Jin Guangyao takes his mother's scheming and intensifies it. Instead of picking and sticking to one persona, he shapeshifts into soft, gentle, learned, efficient, helpless... whatever he needs to be in front of those he wants to curry favor with. However, he is also able and willing to do what his mother (willing or not) couldn't have: when those above him disrespect his station, he kills them. He forges a friendship with Lan Xichen by helping him escape the QishanWen and revealing curated moments of vulnerability with the other man to feign intimacy. He shows his efficiency and dedication to quality work to Nie Mingjue while subtly manipulating the man into attacking his enemies for him. He reveals his bloodthirstiness and petty, vindictive nature to Wen Ruohan, which earns him a spot as the clan leader's right hand man. And all the while, he is silently killing those who remind him of his low reputation, quelling dissent about his rise to power. But just like his mother, there's one target he cannot catch: his shameless father.

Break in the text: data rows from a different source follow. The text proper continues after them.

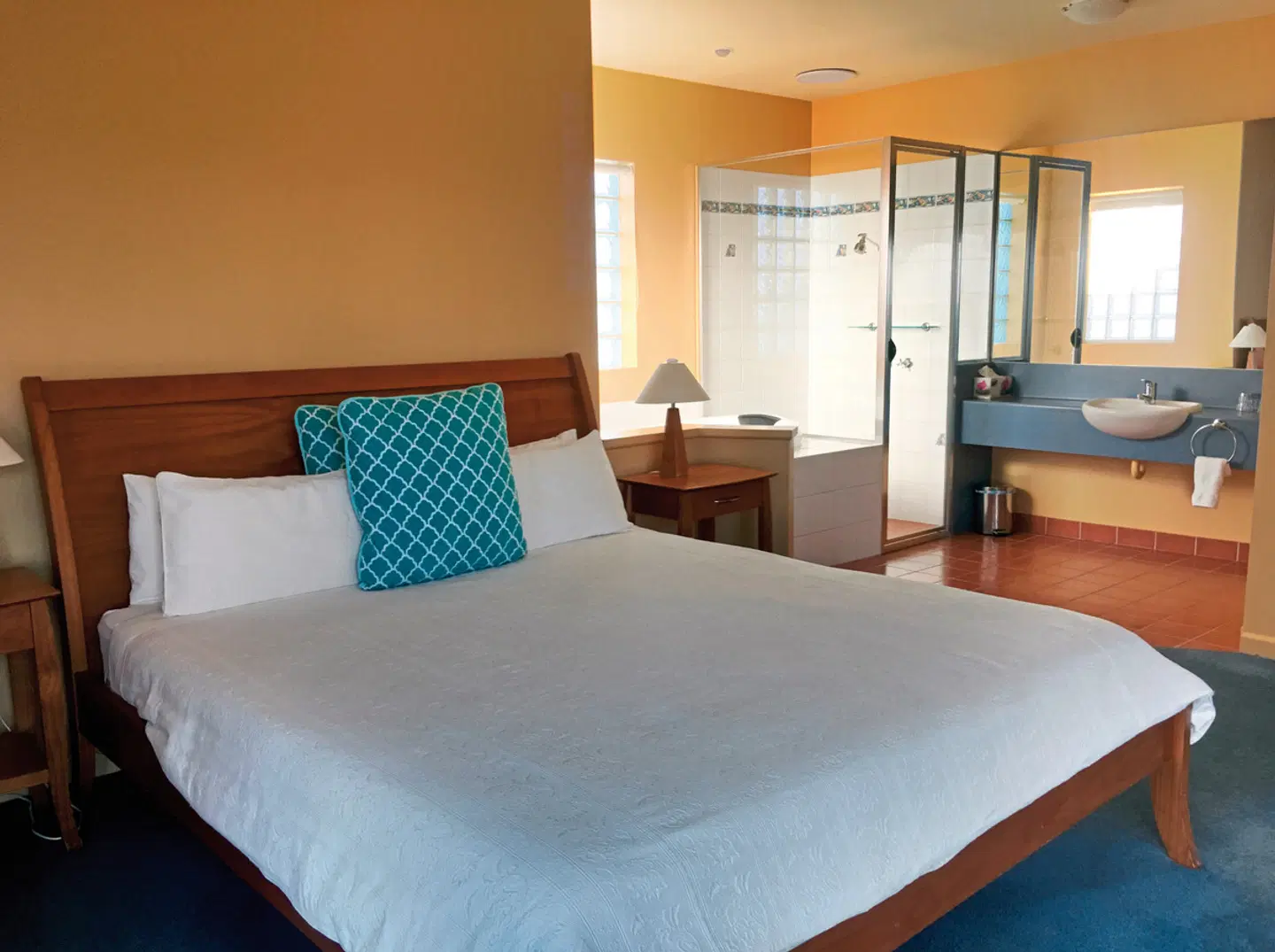 Waves Port Campbell ROOM_EXAMPLE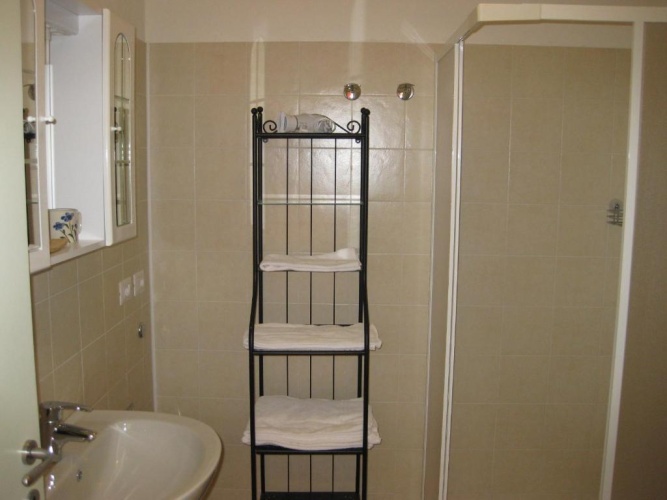 1 Bedroom Apartment with lake view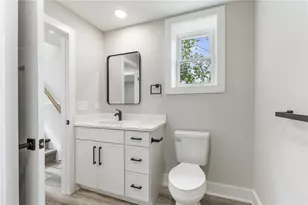 690 W Washington St, Slatington Boro, PA 18080 - Photo 35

I won't make the argument that Meng Shi was wrong for attempting to use a child to manipulate her way into a marriage. The woman was enslaved to a brothel; there were no good means of escape in that system that didn't rely on manipulating some of the most immoral men in society. However, her lack of consideration (or possibly prioritization, since we do not get her actual thoughts) on how her actions would affect the child she schemed to have did backfire on her son. Meng Shi wanted her son to be what she thought his father would want: the powerful cultivating son of a cultivation clan leader. Jin Guangyao carries this same wish with him, that he be seen as his father's son. Instead, Jin Guangyao would be forever known not by who his father was but who his mother was: a prostitute.

What ultimately gets Jin Guangyao to commit to his father's death is not that Jin Guangshan disrespected his mother, but that he finally heard from the man's own mouth that everything he had been taught by his mother was a lie. It's not that he just hadn't found the correct persona that would make his father acknowledge him. It's that he would never be able to shapeshift his way into his father's acknowledgements. It's that no matter how many images he cultivated with how many different people, no matter how many people he killed in front of his father's face or behind his back, he would never be Jin Guangyao, proud son of the Jin Clan. Even to his own father, he could only be "the son of a prostitute" too uppity to realize that she'd never be a nobleman's wife and her son would never be a cultivator's heir. And that's why his father's death isn't the only product of overhearing this convo: Jin Guangyao's first order of business is actually to raze his mother's brothel to the ground along with all its patrons and prostitutes, already planning for the establishment of a Guanyin Temple with his mother's face in its place:

Jin GuangYao, “No, thanks. Save your energy, Young Master Xue. Will you be free the next few days?” Xue Yang, “Won’t I have to do it no matter what?” Jin GuangYao, “Go to Yunmeng for me and tidy up a place for me. Make it clean.”

If he were to be forever damned as his mother's son no matter how much he changed, then let her change for once. Let him be not the son of a prostitute but of a goddess, instead.